# How To Uncurl Old Negative Film



## Deltapeter (Jun 3, 2010)

I have a box of Panoramic Negatives from the early 1900's. Most of them are VERY tightly curled. I was able to open some of them and place them between two sheets of glass I had cut to size to place on my scanner. Some are so brittle and tightly curled that they rip when I try to open them. I am looking around web sites for tips on how to solve my dilemma. For a thought, maybe holding one over a steam kettle or something like that. I don't want to take a chance on damage. Anyone out there with any suggestions?
Thanks.


----------



## djacobox372 (Jun 3, 2010)

Anything you do yourself will be taking a chance... if they matter that much to you send them to a restorer. 

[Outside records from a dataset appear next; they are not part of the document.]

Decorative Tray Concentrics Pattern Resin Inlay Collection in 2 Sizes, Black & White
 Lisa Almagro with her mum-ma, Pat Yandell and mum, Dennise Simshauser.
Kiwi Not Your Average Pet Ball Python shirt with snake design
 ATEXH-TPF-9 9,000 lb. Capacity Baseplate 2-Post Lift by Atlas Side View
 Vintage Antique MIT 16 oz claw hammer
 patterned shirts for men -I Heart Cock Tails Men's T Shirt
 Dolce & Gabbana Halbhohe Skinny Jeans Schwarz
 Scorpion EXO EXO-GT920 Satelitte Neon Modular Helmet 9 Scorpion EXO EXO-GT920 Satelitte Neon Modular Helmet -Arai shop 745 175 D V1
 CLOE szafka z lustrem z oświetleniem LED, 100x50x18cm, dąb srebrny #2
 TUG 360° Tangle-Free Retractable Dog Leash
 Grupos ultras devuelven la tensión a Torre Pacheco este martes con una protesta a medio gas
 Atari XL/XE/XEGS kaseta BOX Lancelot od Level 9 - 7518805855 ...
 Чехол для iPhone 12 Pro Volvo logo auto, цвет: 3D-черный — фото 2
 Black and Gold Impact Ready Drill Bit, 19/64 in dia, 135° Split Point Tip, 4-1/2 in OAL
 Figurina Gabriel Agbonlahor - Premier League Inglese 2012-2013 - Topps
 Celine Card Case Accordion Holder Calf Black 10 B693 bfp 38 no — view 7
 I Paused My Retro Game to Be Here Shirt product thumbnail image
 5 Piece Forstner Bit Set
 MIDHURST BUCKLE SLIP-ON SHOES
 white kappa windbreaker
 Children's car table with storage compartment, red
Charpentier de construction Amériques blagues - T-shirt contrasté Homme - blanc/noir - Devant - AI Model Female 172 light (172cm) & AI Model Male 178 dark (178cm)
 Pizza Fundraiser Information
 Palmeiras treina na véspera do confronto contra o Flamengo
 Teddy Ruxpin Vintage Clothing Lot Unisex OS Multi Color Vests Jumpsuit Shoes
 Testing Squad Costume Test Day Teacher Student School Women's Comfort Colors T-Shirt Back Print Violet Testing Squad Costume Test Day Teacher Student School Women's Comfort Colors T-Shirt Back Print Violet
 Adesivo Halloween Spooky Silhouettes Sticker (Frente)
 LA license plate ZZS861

In my experienced, badly curled film needs to be soaked and dried.  Once dried they'll likely be still curled, just not as bad and not as brittle.  Place between a couple heavy books for a few days and then scan.


----------



## Dwig (Jun 3, 2010)

Deltapeter said:


> I have a box of Panoramic Negatives from the early 1900's. Most of them are VERY tightly curled. I was able to open some of them and place them between two sheets of glass I had cut to size to place on my scanner. Some are so brittle and tightly curled that they rip when I try to open them. I am looking around web sites for tips on how to solve my dilemma. For a thought, maybe holding one over a steam kettle or something like that. I don't want to take a chance on damage. Anyone out there with any suggestions?
> Thanks.



Roll films from that era are almost always on a cellulose nitrate (aka nitrate) film base. This material is extremely flammable. When it begins to deteriorate (becoming brittle is one symptom) the likelihood of it spontaneously ignite increase and can occur at temperatures as low as 100F (38C). Do not heat unknown film. 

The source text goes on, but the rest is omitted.